Newcastle move towards survival, beat Wolves

Newcastle took a huge step towards Premier League survival as Chris Wood’s penalty proved enough to beat a blunt Wolves side at St James’ Park.

The January signing slammed home the second-half winner at the Gallowgate End after being fouled by Wolves keeper Jose Sa at the end of a flowing team move.

VAR checked if Sa had made adequate contact, after an earlier review had denied Wood in the first half, when he saw a goal chalked off because team-mate Bruno Guimaraes was narrowly offside in the build-up.

Wolves failed to touch the ball in the Newcastle area in a dire opening half and manager Bruno Lage will wonder why it took until the 80th minute for his side to work home keeper Martin Dubravka when Fabio Silva forced a diving save.

Newcastle – who saw Allan Saint-Maximin fire over the bar before Wood’s goal and Guimaraes go close to adding a second – thoroughly deserved to end a run of three straight defeats with this win.

It moves them 10 points clear of the relegation zone – though 18th-placed Burnley have two games in hand – while Wolves stay eighth and lose crucial ground in their push for a Europa League spot.

“It has put us in a stronger position but I still think we have work to do,” boss Eddie Howe told BBC Sport. “The home games are key for us but we want to pick up points wherever we go.

“At this stage of the season, it is about results. We are well aware we need to continue to get points. I think it’s results over performances at the moment. There will be a time when we can evolve.”

Howe had reason to be ecstatic, having taken over a side who were 19th in the table and five points from safety in November.

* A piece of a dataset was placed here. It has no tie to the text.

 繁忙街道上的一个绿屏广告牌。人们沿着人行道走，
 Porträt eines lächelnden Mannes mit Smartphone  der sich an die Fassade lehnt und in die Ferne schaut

The Newcastle boss has a quote which reads “make each day your masterpiece” on a wall in his office. This display was by no means joyful or pretty in its crafting, but it was one where Newcastle were always the likelier winners thanks to their consistent effort and sporadic quality across the 90 minutes.

Wolves were fortunate when VAR chalked off Wood’s close-range finish in the first half. Guimaraes raced on to a superb flick by substitute Miguel Almiron – on for the injured Ryan Fraser – and was fractionally offside.

In the aftermath, Wolves captain Conor Coady could be seen screaming at team-mates in a bid to rise some kind of energy and application.

It never really arrived and, gradually, the home side started to create half-chances after the break until Saint-Maximin and Joelinton combined to send Wood clear in the game’s key moment.